Unfortunately, the rules for dominate or controlled ignore the topic of how obvious or not the control is.

Finoan wrote: And I still maintain that if you can't or won't play with Pointed Question as it is intended, then be up front about that and ban it or the entire Investigator class from the table. Don't string along the player and let them think that the ability is ever going to be useful and then give the result of Failure (give no information) every time the dice hit the table. I agree with you that I would definitely have a conversation with anyone interested in playing Investigator, I even stated that in my 3rd post in this thread.
I'm not a fan of banning classes, but NorrKnekten's previous post about "That's Odd" is another item that I take umbrage with, and it's making me reconsider my thoughts on banning.
As an in combat class it's arguably undertuned.
But it's narrative powers in terms of what I want to give the party as a GM really annoy me, at least the Empiricism and Interrogation methodologies.
I really hate these abilities that manipulate what the GM can and can't do, or rather has to do.
As a GM, I hate all of that
You're right that a refusal is covered by the ability, but tell me what the difference between: "I'll never tell you" and telling an obvious lie is for the party?
Nothing. Both are worthless. It's part of why I absolutely hate how this ability is written, it hamstrings GMs in some ways, but ultimately is irrelevant because it doesn't actually guarantee to get you anything.
The only exception is if you can come up with a question that is a yes or no only answer is important. But in an investigation that's not normally how things are going to go. By the time you can ask a yes or no question, you generally have a pretty good idea of what happened and why.
Where pointed question would actually be useful is in a "courtroom" when you already know what happened and you're questioning a witness or someone involved with the case to confirm facts you already know.

NorrKnekten wrote: Claxon wrote: I guess we have a difference of opinion then, as to what constitutes a direct answer.
Which goes back to the exact issue I was trying to highlight.
As a GM, I'd rather not ban a class, but I'll make a note in the future to let any potentially player know that how I interpret the ability.
Regardless we at least agree saying "I don't know" is a direct answer (and it doesn't matter whether that is truthful or not).
And thus arises the problem with this ability beyond simply making GM's life difficult, is that a character can say I don't know (whether true or false) and satisfy the abilities requirement, but that will get boring and annoying to say as a GM.
Now, as a GM I wouldn't do it all the time, be there are definitely situations where I don't want to give away information that easily.
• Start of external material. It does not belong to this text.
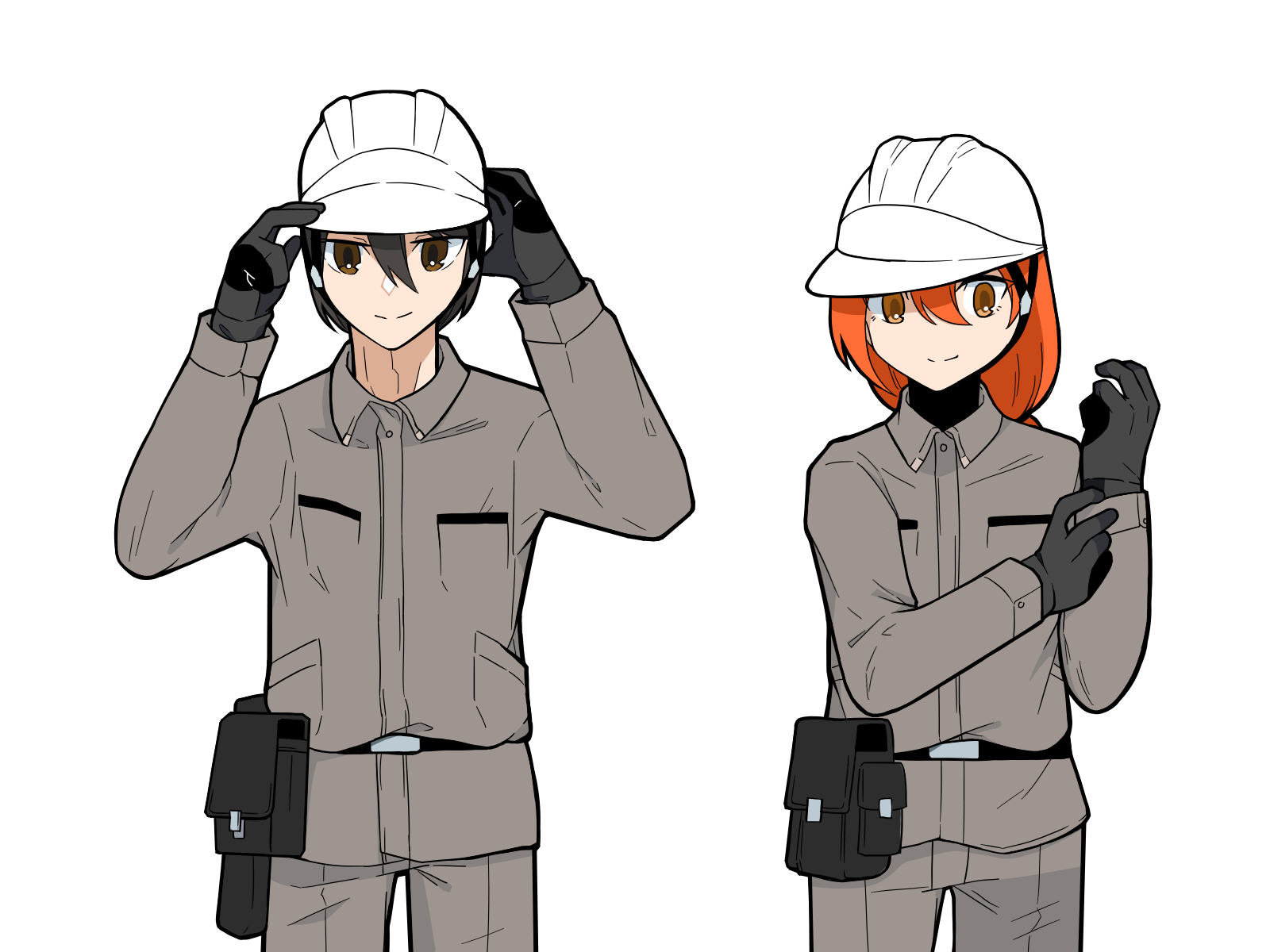 無料イラスト素材 土木現場の作業着(ブラウン)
But if you limit the GM's ability to respond by only saying "I don't know" to satisfy the ability, I think it's harmful to the story and game.
And I think that any NPC that is hostile to the PCs is absolutely going to be as evasive as they can. Ultimately, I think it's a bad ability to have written.
Thats the whole crux of a pointed question and the design intent behind the investigator, Especially one specializing in interrogation, Any reasonable answer to a pointed question is going to yield information if formulated well enough. Its a means to fish for more information just a simple query.
You arent wrong that it is a badly written ability but its not because it allows players to gain a massive wealth of information,The answer can be as long or short as you want as long as it is touching the subject of the question.
They can still be evasive trough lies and deception, If the party is looking for a name of an accomplice the target can give the wrong name, And the investigator has no way of figuring out the actual name. Even if they figure out that it was a lie outside of effects that force the truth out of them. All of that is even more reason why this is a bad ability (that I didn't mention previously but thought about).
Because the best case scenario (with a hostile NPC) is that the player asks a questions and the NPC lies to them and the players know they lied.
"Where is the culprit?" "On vacation in Hell"
"Who did this?" "Your mom"
Etc
Those are valid direct responses, which are lies, but give the players basically nothing.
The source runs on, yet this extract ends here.